Então veio o casamento. O meu casamento. Com ele a alegria do me sentir emancipada, verdadeiramente dona do meu destino. Minha casa. Embora pequena, pequeníssima no começo, era um começo. E não era qualquer tempo. Foi pelo tempo do natal. Com ele o nascimento de uma vida com esperança, de mais sorrisos, passeios e descobertas. Eu queria descobrir o mundo, sentir a liberdade de andar, de voltar pra casa a qualquer hora e em qualquer tempo. Alguma falta de  disciplina, quem sabe. O almoço não precisaria sair pontualmente ao meio dia. Qualquer hora, pois almoço é almoço e não precisa de pontualidade britânica.
Então veio o casamento. Cheio de projetos e com a idéia fixa, latejante: “o meu vai ser diferente.
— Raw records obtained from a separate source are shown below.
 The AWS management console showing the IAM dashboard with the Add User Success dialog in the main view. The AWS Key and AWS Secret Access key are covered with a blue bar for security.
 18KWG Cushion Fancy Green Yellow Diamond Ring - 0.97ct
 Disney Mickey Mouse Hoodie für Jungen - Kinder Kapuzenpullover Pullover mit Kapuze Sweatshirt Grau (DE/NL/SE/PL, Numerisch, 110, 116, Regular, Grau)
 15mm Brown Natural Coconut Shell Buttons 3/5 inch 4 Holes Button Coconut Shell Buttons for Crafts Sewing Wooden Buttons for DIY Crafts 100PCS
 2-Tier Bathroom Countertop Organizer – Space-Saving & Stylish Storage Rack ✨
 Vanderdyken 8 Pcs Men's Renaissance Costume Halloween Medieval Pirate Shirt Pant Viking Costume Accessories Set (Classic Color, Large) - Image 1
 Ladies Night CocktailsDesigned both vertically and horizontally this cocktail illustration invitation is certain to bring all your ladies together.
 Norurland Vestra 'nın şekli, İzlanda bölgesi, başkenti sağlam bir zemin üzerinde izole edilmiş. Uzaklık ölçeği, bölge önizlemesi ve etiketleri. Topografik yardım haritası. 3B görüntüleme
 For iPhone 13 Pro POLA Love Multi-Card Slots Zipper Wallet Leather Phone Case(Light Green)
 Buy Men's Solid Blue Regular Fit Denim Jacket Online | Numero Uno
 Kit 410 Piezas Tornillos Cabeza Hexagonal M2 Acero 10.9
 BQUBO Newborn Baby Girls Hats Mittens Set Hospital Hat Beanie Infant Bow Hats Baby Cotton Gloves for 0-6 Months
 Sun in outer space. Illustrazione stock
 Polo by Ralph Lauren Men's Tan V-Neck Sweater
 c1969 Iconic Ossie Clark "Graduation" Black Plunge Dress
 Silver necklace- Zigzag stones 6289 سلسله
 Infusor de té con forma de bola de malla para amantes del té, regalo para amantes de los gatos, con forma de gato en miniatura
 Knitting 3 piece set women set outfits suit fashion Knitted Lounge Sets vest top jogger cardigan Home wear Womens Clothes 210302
Vai ser de lenta construção. Vai ser de respeito, de crescimento e de trocas! Essa história vai ser diferente dos outras que não têm cor e muito menos encantamento e esperança”.
E muitos convidados. E muita alegria e sem nenhuma pitada de soberba. Simples em todas as coisas, mas sem economia de sentimentos e sonhos.
Os presentes. Sim, os presentes foram especiais pelo  fato de terem sido dados com um carinho tão grande... eu me lembro do olhar das pessoas ao me ofertarem. Olhares verdadeiros e com brilho. Então qualquer presente era o retrato de uma presença sincera na minha alma e então todos eles foram guardados e cuidados com o carinho correspondente ao olhar das pessoas que me  agraciaram.
E veio o jogo de café que o amigo do meu pai, lá do Ipiranga,  me trouxe. De tanto respeito e consideração pelo amigo do meu pai, eu não me dava ao direito de usar o aparelho de chá e café. Era como uma coisa sagrada, a mistura de uma amizade de infância,  a história de vida de um menino pobre, que tinha vontade de comer doces e sorvetes mesclada com a história do bairro operário do Ipiranga e com o trabalho na mesa empresa: as Linhas Corrente – dos ingleses, o cinema para assistirem “Escola de Sereias”, os amores e desencantos.
E eu tomei café com leite naquela xícara, sozinha, revivendo, sonhando e saboreando a vida. Deixando a memória passar pelo coração diversas vezes, sorridente e fluida.  Eu sorvia a bebida muito quente e segurava a xícara  com o dedinho arrebitado, propositalmente fazendo graça para mim mesma,  imitando as peruas e rindo da vida, das memórias e das saudades.